We construct a new propositional calculus formal system $P'$. Different from $P$, axiom (A3) is changed to: $$(\neg\alpha\rightarrow\neg\beta)\rightarrow((\neg\alpha\rightarrow\beta)\rightarrow\alpha)$$ Prove that the set of internal theorems of $P'$ and $P$ are identical.
Note: Axioms of $P$
(A$1$) - $(\alpha\rightarrow(\beta\rightarrow\alpha))$
(A$2$) - $((\alpha\rightarrow(\beta\rightarrow\gamma))\rightarrow((\alpha\rightarrow\beta)\rightarrow(\alpha\rightarrow\gamma)))$
(A$3$) - $(((\neg\alpha)\rightarrow(\neg\beta))\rightarrow(\beta\rightarrow\alpha))$
I've understood that if we mark the new axiom as (A4), we just need to prove that (A3) could be derived directly from (A1), (A2) and (A4). But I've tried different combinations and failed.
Here's how you can show that you can derive $A3$ from $A1$, $A2$, and $A4$.
As you yourself note, given $A1$ and $A2$, we can prove the Deduction Theorem for this system.

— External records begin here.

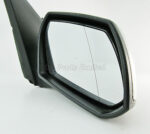 Ford Mondeo-III Pre-Facelift (00-03) Right Side Manual Door Mirror Silver - Image 4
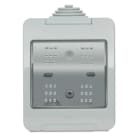 ABB SPA - ABB2CSK2355CH CONTENITORE IP55, 3 POSTI (3 MODULI)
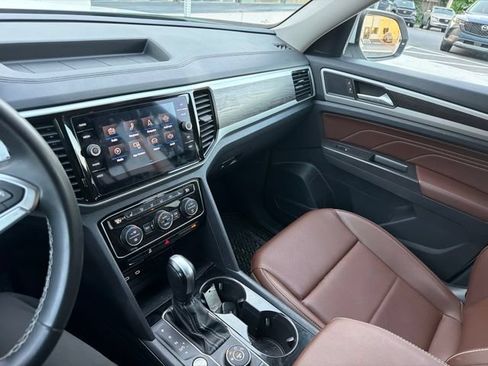 Used 2023 Volkswagen Atlas SE AWD/4WD image 17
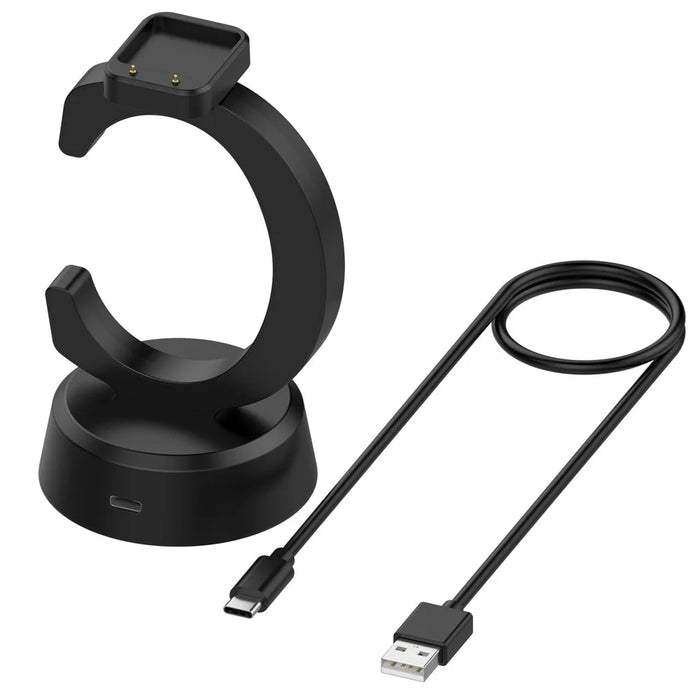For Samsung Galaxy Fit3 / Honor Watch GS 5 / Watch Fit SM-R390 / Honor Watch GS 5 / Watch Fit Charging Dock Watch Charger with 1m Cable - 1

So given that, let's try to show that for any $\alpha$ and $\beta$ we can derive $\alpha$ from $\neg \alpha \to \neg \beta$ and $\beta$:
$1. \neg \alpha \to \neg \beta$
$2. \beta$
$3. \beta \to (\neg \alpha \to \beta) \ (\text{by } A1)$
$4. \neg \alpha \to \beta \ (\text{MP } 2,3)$
$5. (\neg\alpha\rightarrow\neg\beta)\rightarrow((\neg\alpha\rightarrow\beta)\rightarrow\alpha) (A4)$
$6. (\neg\alpha\rightarrow\beta)\rightarrow\alpha \ (\text{MP } 1,5)$
$7. \alpha \ (\text{MP } 4,6)$
OK, so we have shown that $\neg \alpha \to \neg \beta, \beta \vdash \alpha$
By the Deduction Theorem, this means that $\neg \alpha \to \neg \beta \vdash \beta \to \alpha$
And thus by the Deduction Theorem again, we have $\vdash (\neg \alpha \to \neg \beta) \to ( \beta \to \alpha)$